Even as he repeatedly insisted that Deutsche Bank’s US investment-banking business is a critical part of the bank’s identity and its long-term strategy for offering a European alternative to JP Morgan, Christian Sewing probably knew, on some level, that he wouldn’t be able to survive as CEO if he didn’t agree to some serious cutbacks.

For their sake, let’s hope most of the bank’s front-office employees, the traders and salespeople who have powered DB’s troubled US equities and rates-trading businesses, have been able to read the writing on the wall as well. According to a story published by Bloomberg on Monday, it looks like they have. Because the mood inside 60 Wall can best be described as resigned indifference.

DB

As reports of steep job cuts (as many as 20,000 personnel including hundreds of traders) swirl, the scene inside DB’s main office in the US (it also has a large back-office presence in Jacksonville) has devolved into a tableau familiar to those who survived the financial crisis: Empty desks, boxes piled up in corner offices, traders and other more junior employees leaving for long, boozy lunches at 1 pm – and sometimes never returning for the day.

Junior employees spend part of their days sending out resumes – and their bosses either don’t care, or are actively encouraging them. Everybody – even the executives and managers – seems to be waiting for the next shoe to drop in Frankfurt (the German city where DB’s global headquarters is located), according to Bloomberg.

Begin on the 46th floor, overlooking the East River: brown boxes have been stacked in the offices of the senior-most executive in the Americas. More than 40 flights down, on the trading floor, seats sit empty at mid-morning. Computer screens are black. Some who remain are openly hunting for jobs at rival banks. Their bosses know, and don’t mind.

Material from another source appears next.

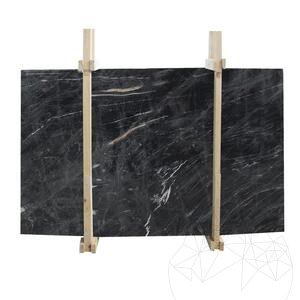 Márványlap Ocean Grey Csiszolt, 2 cm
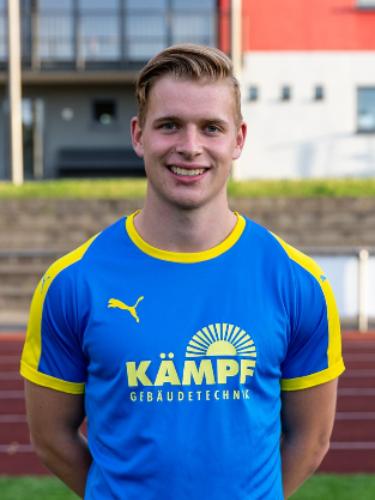 Julian Fischbach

On a recent weekday, an executive spied junior traders enjoying beers at the nearby Full Shilling pub. It was just past 1 p.m. Older traders could be found at Cipriani on Wall Street, where the famous bellini cocktails are served in wood-paneled rooms or on a terrace between stone ionic columns.

So it goes nowadays at Deutsche Bank in New York, where everybody, from the executives down, seems to sense that more bad news is coming from Frankfurt.

Several senior executives from the US business have either already left, or are planning on making their exit soon. These include Peter Selman, the executive who came out of retirement in 2017 to try and turn around DB’s flagging US equities business. One top executive “hasn’t been seen at work in weeks.”

Executives in New York have for more than a year worked under the cloud of whether the US operation would be sold, gutted or spun off.

Typical internal battles over who bore certain expenses took on more weight when every unit was under a microscope. Peter Selman, who came out of retirement in 2017 to revive the equities business, unsuccessfully lobbied Treasurer Dixit Joshi last year to move as much as 300 million euros of costs allocated to his unprofitable unit to the fixed-income business, people briefed on the talks said.

For his part, Sewing has said consistently – and publicly – that he was committed to the U.S. investment bank since taking over as CEO last year. But the new chief has been struggling to restore confidence among investors and regulators amid the bank’s moribund profitability. After a failed attempt to merge with Commerzbank AG that was encouraged by Germany’s own finance minister, shareholders are pushing for a turnaround plan. Many executives aren’t waiting for that.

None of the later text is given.